TOPEKA, Kan. (May 25, 2016) – Earlier this month, Kansas Gov. Sam Brownback signed a bill into law that halts state efforts to comply with the EPA Clean Power Plan, at least temporarily.

Senate Bill 318 (SB318) passed both houses of the Kansas legislature comfortably. It prohibits any state agency from engaging in activities relating to implementing the clean power plan until the Supreme Court lifts the stay it issued while it decides on a lawsuit brought by 24 states to block the EPA plan.

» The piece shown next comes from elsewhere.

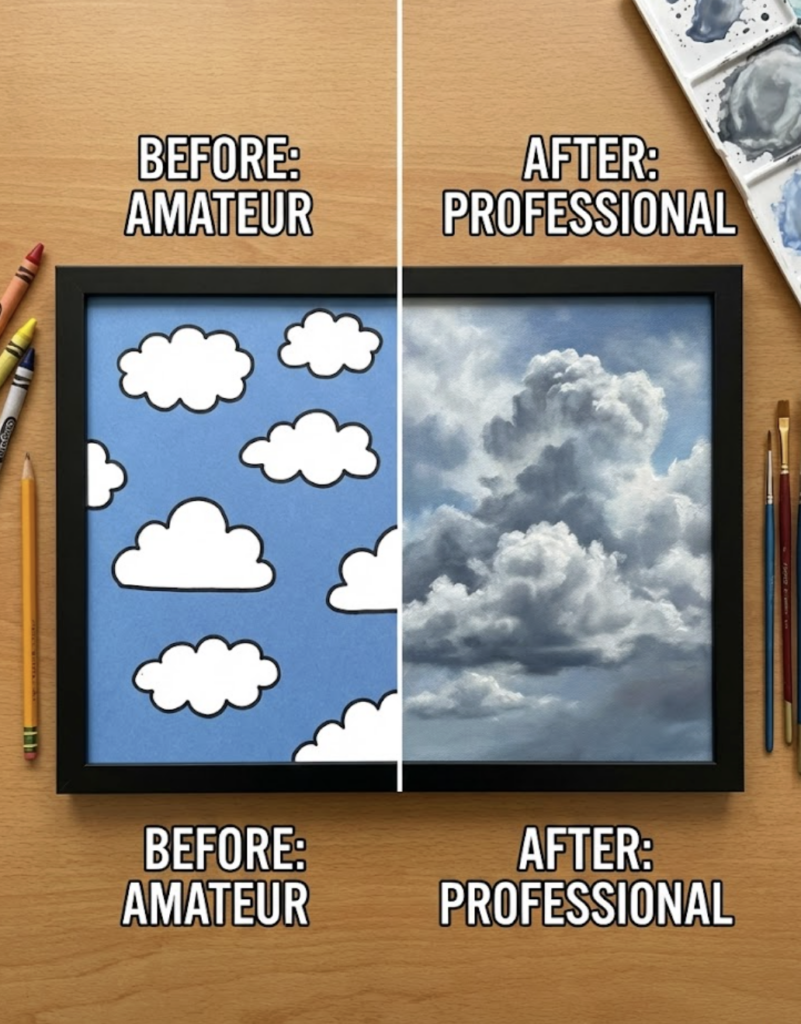 Before-and-after cloud painting: split framed art showing cartoon clouds vs realistic painted clouds, with pencils and brushes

The bill would suspend all state agency activities, studies, and investigations that are in furtherance of the preparation of an initial submittal, or the evaluation of any options for the submission, of a final state plan pursuant to the U.S. Environmental Protection Agency (EPA) docket EPA-HQ-OAR-2013-0602, codified as 40 CFR part 60 (Clean Power Plan). The suspension of state agency activities would continue until the stay on the implementation of the Clean Power Plan is lifted.
The AP emphatically states that the state “will suspend all activities in support of the Clean Power Plan until that stay is lifted.” While that is the effect of this particular legislation, it doesn’t follow that the state absolutely has to resume implementation if the SCOTUS lifts the stay. The bottom line is the state has stopped it, and it could very well chose to continue to refuse to implement the Clean Power Plan if it ultimately loses the lawsuit.
In fact, that is exactly the strategy James Madison suggested to deal with “unwarrantable” federal acts – or even simply unpopular acts. He said “a refusal to cooperate with officers of the Union,” would create impediments and obstructions for the feds, and serve to check federal power.
The EPA has no constitutional authority to exist, much less regulate emission within the borders of a state. Even if the federal government was empowered to regulate air quality, (It isn’t) only Congress has the power to pass laws and make rules – not executive agencies. If the Court refuses to rein in EPA overreach, state refusal to cooperate remains a viable option to stop the unconstitutional mandates in their tracks.
Without state cooperation, there will be no Clean Power Plan.